Porém, o mundo real não é tão cor-de-rosa como o imaginamos. Pode ser cruel. Num dia como tantos outros, estava em amena cavaqueira virtual com uma amiga e fotógrafa que muito considero e estimo e com a qual habitualmente troco ideias sobre arte e fotografia, quando em jeito de desabafo confidenciou, referindo-se ao tipo de imagens mais ou menos abstratas que eu tinha partilhado: “Há uma luta interior em nós, fotógrafos, para ser único nas fotografias que fazemos, mas a verdade, e mesmo em sintonia com uma linha mais criativa na busca pelo diferenciador, aquilo que efetivamente vejo é maioritariamente cópias de centenas de outras fotografias que se veem, sobretudo nas redes sociais”. A vida encontrou forma, de mais uma vez, me fazer refletir! O desassossego interior parece não ter fim.

Refleti sobre o seu comentário. O resultado dessa reflexão é precisamente o que partilho nestas linhas. Naquela minha outra fase na fotografia em que me intitulei de fotógrafo documental, eu repetia imagens de locais belíssimos fotografados de forma massiva. Atualmente faço, ou pelo menos há essa tentativa, fotografia abstrata e, por conseguinte, inimitável.

Será esta nova fase, na sua génese, o continuar do seguir de um rebanho? Se sim, pelo menos sinto o conforto de tentar fazer algo único.

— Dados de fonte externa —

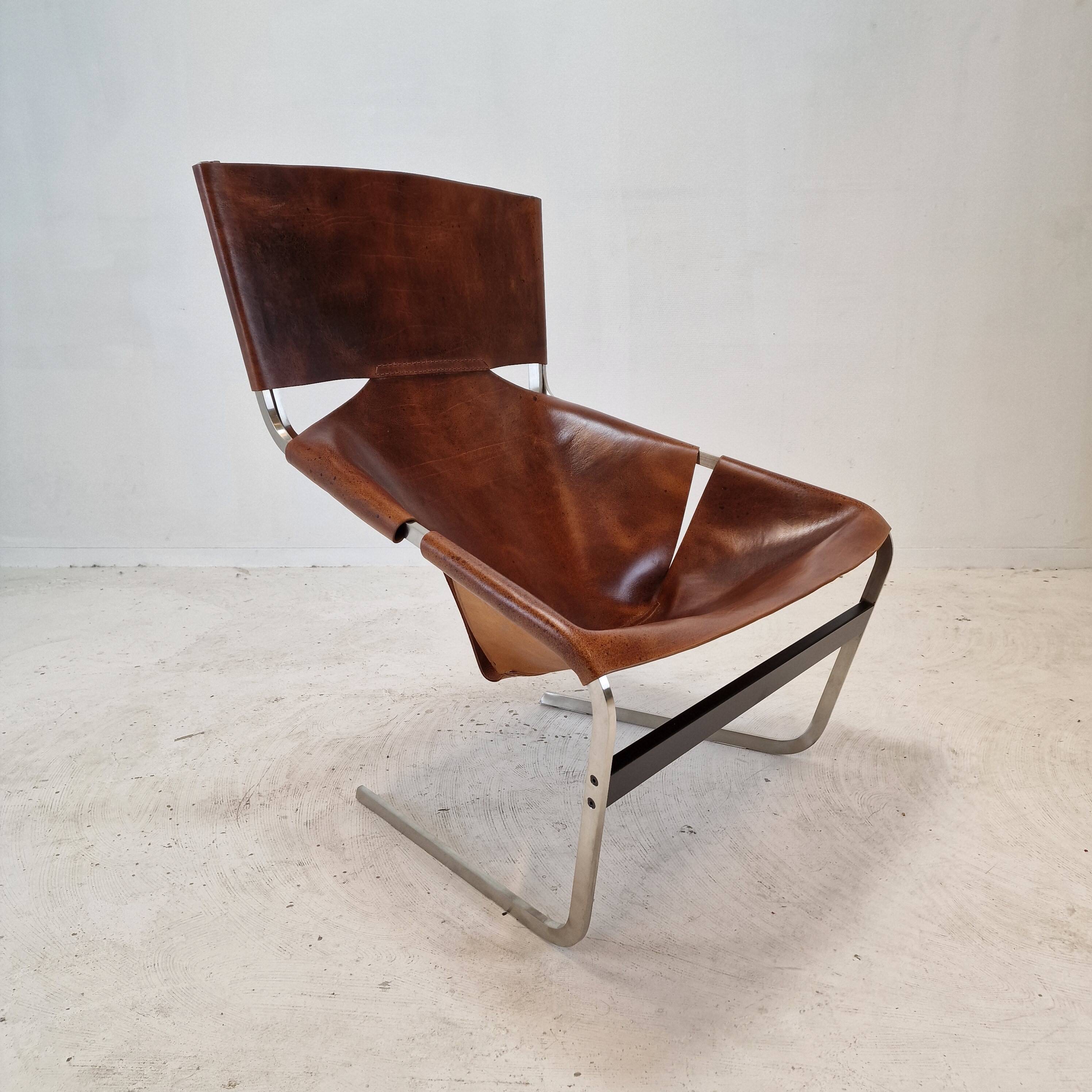 Set of 2 Model F444 Lounge Chairs by Pierre Paulin for Artifort, 1960s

O que mudou afinal de uma fase para a outra? O problema serei eu? Será a influência da globalização e massificação das artes visuais trazida pelas redes socias? Será a teoria da conformidade social a deitar as garras de fora? Haverá alguém que efetivamente fotografe, ou num sentido mais lato, crie arte sem condicionalismos? Ou, em última análise, estarei a criar uma tempestade num copo de água e este tema nem faz sentido?

Quero acreditar que de acordo com a minha perceção, esta fase que carinhosamente apelido de hippie na fotografia, não é mais que um “fotografar para mim” e que estou imune ao ruído visual que emana do exterior. Mas, há a inquietação, se não serei apenas mais um na busca incessante pela aprovação e aceitação. Com maior ou menor criatividade na minha fotografia, e após alguma reflexão, sinto que sigo um rebanho, diferente do anterior, talvez mais diferenciador, mais elitista, mas não deixa de ser um rebanho. Deixo de ser aprovado por um determinado grupo e recebo a bênção de outro.

Uma simples troca de ideias, desarmou-me, no bom sentido. Ao pensar nestes temas de forma mais profunda e de levantar algumas questões, sinto-me David a lutar contra Golias e as conclusões não chegam de mão beijada…

Poderia aqui levantar questões mais filosóficas, mas o chavão “Eu fotografo para mim” não é tão simples como a facilidade com que é pronunciado. Associado habitualmente ao desapego de influências, a verdade, mais que não seja inconscientemente, é que existem muitos fatores influenciadores que gravitam à volta do tal momento sublime de criação a que ninguém está imune, sobretudo num mundo cada vez mais globalizado. Independentemente destas questões, a verdade é que sinto-me bem e confortável nesta minha atual fase na fotografia e é o mais importante, sem nunca deixar de ponderar sobre estes temas mais pertinentes.

Na série “Espaço 1999”, da qual sou grande fã, o capitão Koenig e a sua tripulação, após a sua base ter sido lançada para fora da órbita da lua, procuram incessantemente um planeta para viver. É a sua luta diária. Tal como o capitão Koenig, vou continuar a refletir, a cada dia, sobre arte, de uma forma geral, e sobretudo sobre fotografia, mantendo esta luta, no bom sentido, sempre na perspetiva de encontrar algumas respostas e com elas algum sossego interior.

Em jeito de desabafo, sinto saudades de quando comecei a fotografar. Da inocência desses tempos. Quanto mais racional e consciente estou na fotografia e na arte em si, exponencialmente mais aumentam as minhas incertezas e inquietações. No entanto, há um lado positivo, uma vez que é essa racionalidade que me permite refletir sobre estas temáticas, sem tremer quando a dúvida e a incerteza possam pairar no ar.